Appalachia, China, Education and Change



The term Culture Shock does not really resonate the way it should. It’s been overused and is perhaps past its shelf-life as a useful term. I am not sure what should replace it, but Jordan’s words demonstrate that the move to new cultures involves both alienation and acculturation. Another way of saying this might be that we find ourselves by losing ourselves. If this sounds like a mystery wrapped in an enigma, it isn’t. Just read what follows to see what I mean.

Questions

Can you tell us a bit about where you grew up in the US and what that was like.

I'm from the deep, dark hills of Southwestern Virginia.
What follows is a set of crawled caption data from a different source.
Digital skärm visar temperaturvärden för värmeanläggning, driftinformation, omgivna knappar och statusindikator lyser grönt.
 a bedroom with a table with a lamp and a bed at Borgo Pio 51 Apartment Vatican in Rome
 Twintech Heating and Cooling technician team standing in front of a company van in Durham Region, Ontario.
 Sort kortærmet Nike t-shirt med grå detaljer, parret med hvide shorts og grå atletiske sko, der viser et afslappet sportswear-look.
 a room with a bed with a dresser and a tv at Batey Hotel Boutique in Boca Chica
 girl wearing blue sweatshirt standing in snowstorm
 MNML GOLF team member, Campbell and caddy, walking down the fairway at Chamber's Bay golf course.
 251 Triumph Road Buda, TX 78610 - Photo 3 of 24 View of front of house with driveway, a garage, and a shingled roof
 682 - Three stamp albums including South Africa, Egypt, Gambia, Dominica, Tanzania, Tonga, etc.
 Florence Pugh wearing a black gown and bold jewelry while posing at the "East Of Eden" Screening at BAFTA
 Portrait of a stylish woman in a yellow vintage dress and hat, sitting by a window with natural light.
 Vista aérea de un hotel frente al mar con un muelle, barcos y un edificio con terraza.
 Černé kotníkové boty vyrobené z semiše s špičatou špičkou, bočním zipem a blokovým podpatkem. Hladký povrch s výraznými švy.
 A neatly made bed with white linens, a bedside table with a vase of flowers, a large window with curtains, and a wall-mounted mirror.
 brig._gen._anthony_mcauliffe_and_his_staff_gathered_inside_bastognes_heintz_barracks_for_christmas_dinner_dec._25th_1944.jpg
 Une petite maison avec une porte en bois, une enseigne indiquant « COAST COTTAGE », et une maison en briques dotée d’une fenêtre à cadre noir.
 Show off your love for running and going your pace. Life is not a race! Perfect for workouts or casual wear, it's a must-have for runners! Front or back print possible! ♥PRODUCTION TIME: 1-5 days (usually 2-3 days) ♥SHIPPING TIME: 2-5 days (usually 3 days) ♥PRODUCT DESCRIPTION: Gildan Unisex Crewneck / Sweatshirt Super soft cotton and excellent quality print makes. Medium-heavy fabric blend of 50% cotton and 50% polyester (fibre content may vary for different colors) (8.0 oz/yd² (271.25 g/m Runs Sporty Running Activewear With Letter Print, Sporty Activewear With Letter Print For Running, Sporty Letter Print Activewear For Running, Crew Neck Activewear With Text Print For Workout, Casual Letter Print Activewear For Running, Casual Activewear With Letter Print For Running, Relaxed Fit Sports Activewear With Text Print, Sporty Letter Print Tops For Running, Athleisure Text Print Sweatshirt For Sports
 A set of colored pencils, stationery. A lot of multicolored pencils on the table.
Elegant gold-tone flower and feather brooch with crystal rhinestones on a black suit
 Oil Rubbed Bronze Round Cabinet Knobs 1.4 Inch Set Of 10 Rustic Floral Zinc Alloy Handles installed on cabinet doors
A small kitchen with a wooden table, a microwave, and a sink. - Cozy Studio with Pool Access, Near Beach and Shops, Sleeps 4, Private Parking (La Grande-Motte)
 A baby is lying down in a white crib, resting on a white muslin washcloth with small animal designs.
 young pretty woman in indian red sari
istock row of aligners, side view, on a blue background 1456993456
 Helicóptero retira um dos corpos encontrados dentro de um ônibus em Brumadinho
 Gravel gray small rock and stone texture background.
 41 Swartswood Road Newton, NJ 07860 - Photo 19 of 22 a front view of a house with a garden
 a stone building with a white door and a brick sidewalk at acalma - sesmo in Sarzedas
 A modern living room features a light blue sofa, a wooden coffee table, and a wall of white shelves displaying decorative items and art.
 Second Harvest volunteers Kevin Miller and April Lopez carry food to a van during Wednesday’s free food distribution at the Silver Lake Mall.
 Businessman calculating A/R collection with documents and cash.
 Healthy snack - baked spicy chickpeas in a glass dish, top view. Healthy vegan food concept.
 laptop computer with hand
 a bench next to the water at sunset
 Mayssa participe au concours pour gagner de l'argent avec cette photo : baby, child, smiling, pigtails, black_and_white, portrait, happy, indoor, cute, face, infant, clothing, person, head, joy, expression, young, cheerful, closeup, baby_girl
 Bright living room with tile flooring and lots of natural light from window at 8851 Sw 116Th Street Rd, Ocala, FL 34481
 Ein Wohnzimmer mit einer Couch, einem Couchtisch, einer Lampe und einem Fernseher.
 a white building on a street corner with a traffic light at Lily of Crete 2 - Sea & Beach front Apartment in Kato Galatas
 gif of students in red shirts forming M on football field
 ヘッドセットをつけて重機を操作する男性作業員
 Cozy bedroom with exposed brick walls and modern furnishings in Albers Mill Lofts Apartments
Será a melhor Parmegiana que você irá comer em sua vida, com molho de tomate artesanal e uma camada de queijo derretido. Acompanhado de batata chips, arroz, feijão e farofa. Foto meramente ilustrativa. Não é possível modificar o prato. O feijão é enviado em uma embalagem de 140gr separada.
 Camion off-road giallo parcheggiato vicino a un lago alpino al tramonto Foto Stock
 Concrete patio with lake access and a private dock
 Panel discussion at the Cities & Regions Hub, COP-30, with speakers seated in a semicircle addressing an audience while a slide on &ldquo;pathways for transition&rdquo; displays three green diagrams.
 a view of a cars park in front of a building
We call it "Appa-latch-uh," but everyone else in America seems perfectly content mispronouncing it as "Appa-lay-shuh" (yes, we're fiercely and irrationally proud of this).

Appalachia

It's a beautiful place, one of the most beautiful in America, and I wish it was known more for the inborn sense of rhythmic and arm-swinging storytelling in its people, and less the average household income. Think of Macondo from Gabriel Garcia-Marquez's One Hundred Years of Solitude, except with better high school football games. For that matter, think of the film Varsity Blues. That's a nearly perfect analogue. Though I haven't lived there since I was seventeen years old, it seems my identity will always be tangled up in these mountain roots, and that's something of which I'm quite proud.


You attended one of the top research universities in the US. Was this a bit of culture shock for you?

More than you can imagine - especially considering how my university was only five hours from home, and that I'd actively decided not to attend another fantastic school in NYC because I was scared to death of living in a city. What a disaster that would have been.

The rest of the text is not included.